Nothing is needed except the lines below that run from the one with "ТОП 15 городов" through the one with "Wireless Lavalier microphone", repeated exactly.

### DATA
+ + + +

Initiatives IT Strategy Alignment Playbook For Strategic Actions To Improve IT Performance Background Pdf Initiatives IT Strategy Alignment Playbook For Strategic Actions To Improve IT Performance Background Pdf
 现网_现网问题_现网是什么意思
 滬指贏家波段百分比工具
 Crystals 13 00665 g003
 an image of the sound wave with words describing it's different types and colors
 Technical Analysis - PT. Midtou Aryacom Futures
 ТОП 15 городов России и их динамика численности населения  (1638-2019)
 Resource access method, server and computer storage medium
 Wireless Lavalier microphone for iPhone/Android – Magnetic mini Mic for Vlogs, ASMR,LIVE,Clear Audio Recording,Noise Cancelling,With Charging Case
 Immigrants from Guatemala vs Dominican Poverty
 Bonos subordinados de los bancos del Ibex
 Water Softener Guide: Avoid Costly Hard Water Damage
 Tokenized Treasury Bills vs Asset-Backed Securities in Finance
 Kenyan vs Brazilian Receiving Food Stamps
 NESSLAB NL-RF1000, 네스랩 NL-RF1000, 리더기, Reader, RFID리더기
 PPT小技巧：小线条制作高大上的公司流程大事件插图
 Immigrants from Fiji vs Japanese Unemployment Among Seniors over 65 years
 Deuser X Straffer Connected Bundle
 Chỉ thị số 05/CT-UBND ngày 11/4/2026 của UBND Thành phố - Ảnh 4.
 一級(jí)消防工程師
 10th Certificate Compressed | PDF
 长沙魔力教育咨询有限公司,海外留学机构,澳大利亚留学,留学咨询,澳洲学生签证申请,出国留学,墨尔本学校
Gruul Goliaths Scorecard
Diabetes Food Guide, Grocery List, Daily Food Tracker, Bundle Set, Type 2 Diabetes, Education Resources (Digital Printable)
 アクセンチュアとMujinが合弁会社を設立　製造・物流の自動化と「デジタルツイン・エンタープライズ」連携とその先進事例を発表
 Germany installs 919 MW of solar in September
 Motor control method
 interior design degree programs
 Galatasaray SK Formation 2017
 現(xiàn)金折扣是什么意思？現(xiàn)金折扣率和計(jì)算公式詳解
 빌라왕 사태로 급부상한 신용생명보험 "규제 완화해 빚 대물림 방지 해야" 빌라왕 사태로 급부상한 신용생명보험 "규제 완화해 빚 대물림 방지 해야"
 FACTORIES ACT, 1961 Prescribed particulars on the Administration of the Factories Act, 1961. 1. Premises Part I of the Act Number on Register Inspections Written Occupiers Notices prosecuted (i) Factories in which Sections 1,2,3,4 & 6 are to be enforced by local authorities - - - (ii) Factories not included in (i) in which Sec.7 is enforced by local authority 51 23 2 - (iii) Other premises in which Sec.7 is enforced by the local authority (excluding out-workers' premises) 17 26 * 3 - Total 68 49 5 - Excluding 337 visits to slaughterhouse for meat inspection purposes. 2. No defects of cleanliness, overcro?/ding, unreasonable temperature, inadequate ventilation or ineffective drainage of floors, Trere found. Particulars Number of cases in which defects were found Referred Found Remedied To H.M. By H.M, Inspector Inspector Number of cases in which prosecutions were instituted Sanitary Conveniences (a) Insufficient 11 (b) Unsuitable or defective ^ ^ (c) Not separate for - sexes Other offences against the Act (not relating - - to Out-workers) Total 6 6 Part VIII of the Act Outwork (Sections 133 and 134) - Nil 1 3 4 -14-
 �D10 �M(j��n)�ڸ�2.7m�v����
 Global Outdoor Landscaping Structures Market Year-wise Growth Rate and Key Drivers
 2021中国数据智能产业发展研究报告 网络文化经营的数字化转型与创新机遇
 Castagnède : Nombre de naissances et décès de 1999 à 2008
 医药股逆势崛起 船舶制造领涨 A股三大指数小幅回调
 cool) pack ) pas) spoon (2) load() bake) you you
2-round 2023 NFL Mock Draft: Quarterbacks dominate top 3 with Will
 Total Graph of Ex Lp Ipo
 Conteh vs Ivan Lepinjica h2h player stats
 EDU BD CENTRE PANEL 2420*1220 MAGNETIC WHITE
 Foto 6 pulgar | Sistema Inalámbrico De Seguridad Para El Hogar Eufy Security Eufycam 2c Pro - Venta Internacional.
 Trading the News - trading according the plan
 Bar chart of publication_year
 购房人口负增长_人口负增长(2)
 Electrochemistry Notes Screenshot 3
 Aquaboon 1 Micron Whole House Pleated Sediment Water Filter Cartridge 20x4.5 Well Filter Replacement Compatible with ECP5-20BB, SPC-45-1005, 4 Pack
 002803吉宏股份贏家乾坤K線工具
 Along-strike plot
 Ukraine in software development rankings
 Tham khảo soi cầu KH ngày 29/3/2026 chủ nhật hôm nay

+ + + +

### ANSWER BOX
 ТОП 15 городов России и их динамика численности населения  (1638-2019)
 Resource access method, server and computer storage medium
 Wireless Lavalier microphone for iPhone/Android – Magnetic mini Mic for Vlogs, ASMR,LIVE,Clear Audio Recording,Noise Cancelling,With Charging Case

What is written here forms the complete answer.